I arrived at 1:12 ... and still had 20 more minutes of ads and trailers to sit through before the movie started. Really. Twenty minutes.
I guess I've been a bit spoiled by my regular Monday visits to Cinema Nova, where you get almost no ads before they launch into the trailers. And I don't mind a few, having certainly become accustomed to that in the U.S.
The reason the bevy of ads that preceded Diana really bothered me, though, is that they broke from a U.S. custom that I thought would be easy enough to follow internationally. Namely, the first movie trailer did not signify an end to the commercials. In fact, just the opposite.

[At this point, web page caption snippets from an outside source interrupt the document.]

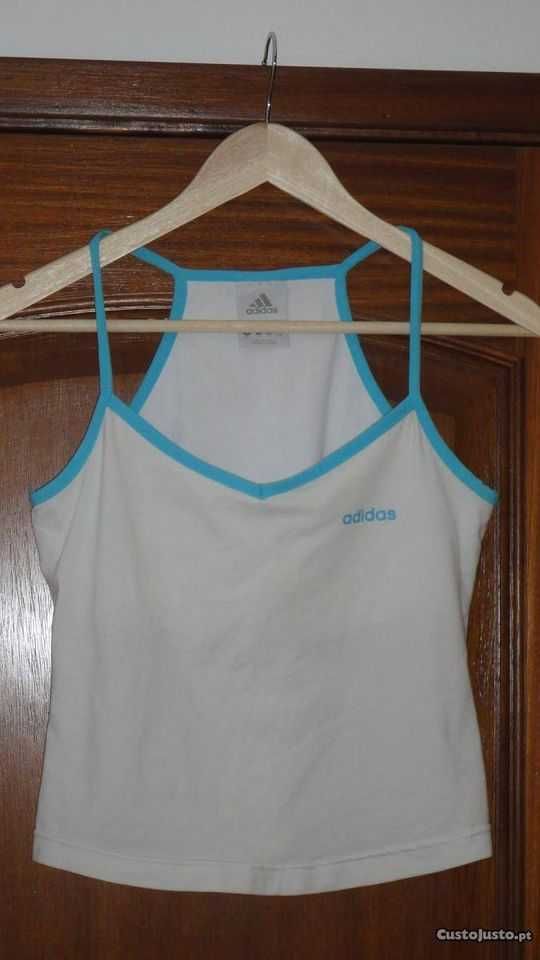 Top de senhora branco e azul Adidas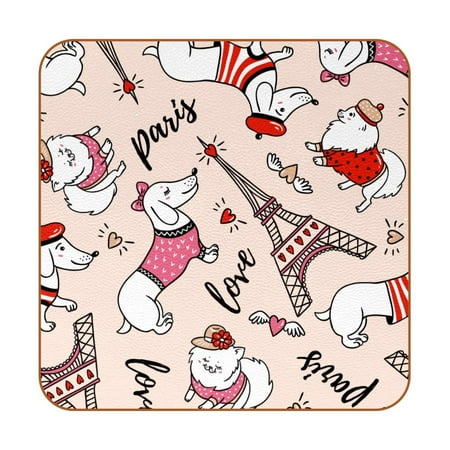 

OWNTA Cute Cartoon Dachshund Eiffel Tower Pattern Premium 6-Piece Square Coaster Set in Microfiber Leather - Non-Slip & Absorbent Cup Mats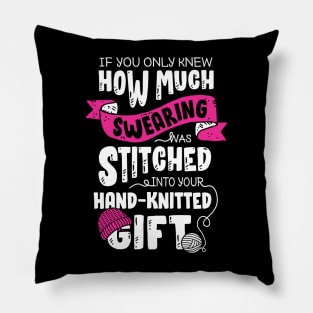 Funny Knitting Lover Grandma Grandmother Gift Pillow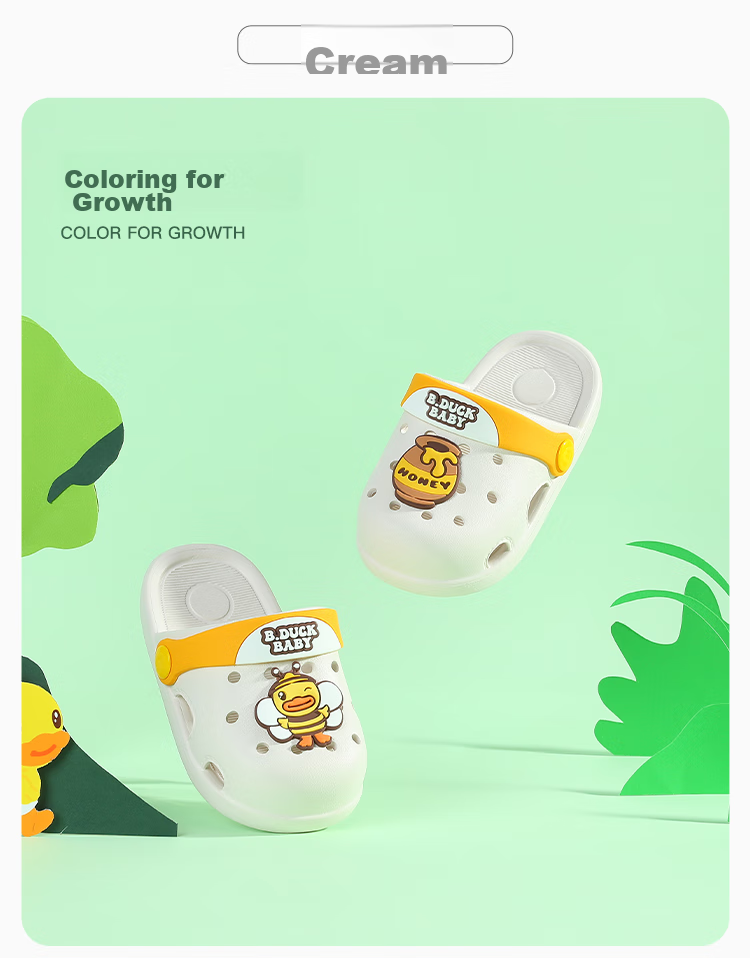 B.Duck Children's Slippers, Boys' Sandals, Kids' Clogs, Girls' Shoes, Home Slippers, BY1310909, Yellow, Size 32 7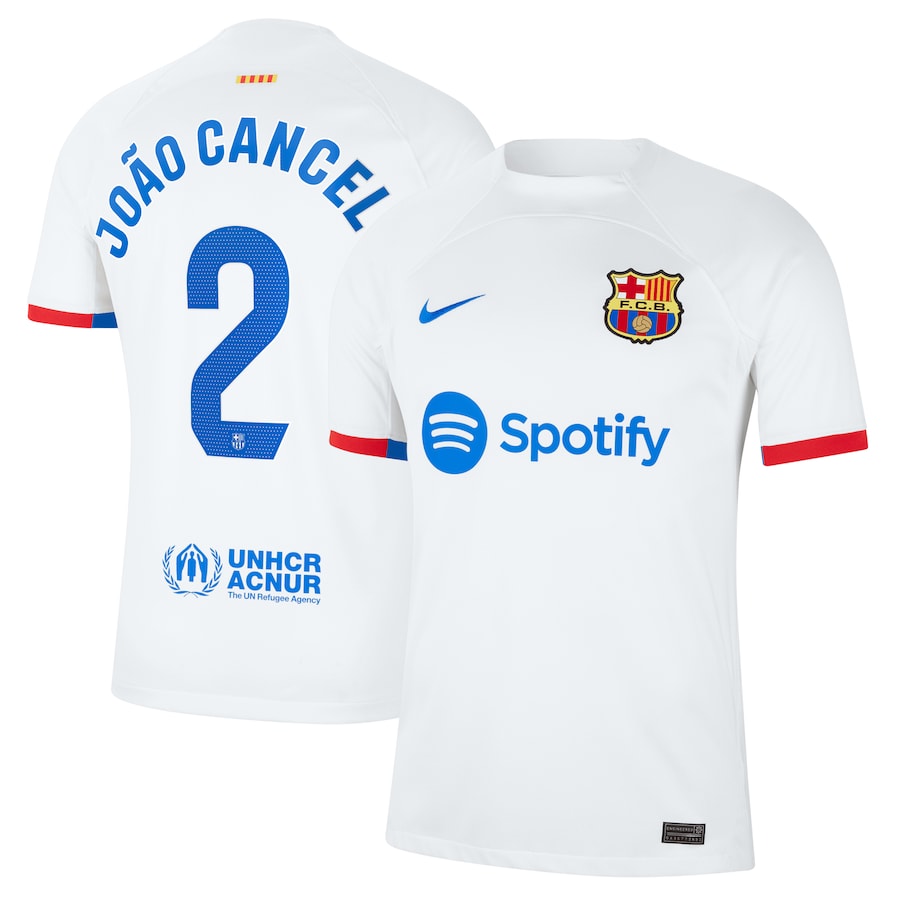 Joao Cancelo Barcelona Nike 2023/24 Home Stadium Replica Player Jersey - Royal/Aqua/White - Image 8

Fairly soon after sitting down, I got a trailer for the inspirational dramedy One Chance, in which a tubby British boy becomes an unlikely opera sensation. (Don't know why it's so unlikely -- aren't most opera singers tubby?)
Following this was, I don't exaggerate, ten commercials. Ten.
At about 1:25 I figured that the movie was ready to start. I figured wrong. This kicked off another six movie trailers.
Only at long last did the further dimming of the house lights indicate that we were finally going to get a movie.
Maybe being inundated with ads is a Tuesday thing. "You don't have to pay $19 for the movie, but your penalty is 37 minutes worth of ads."
So back to Cinema Nova next Monday it is, then.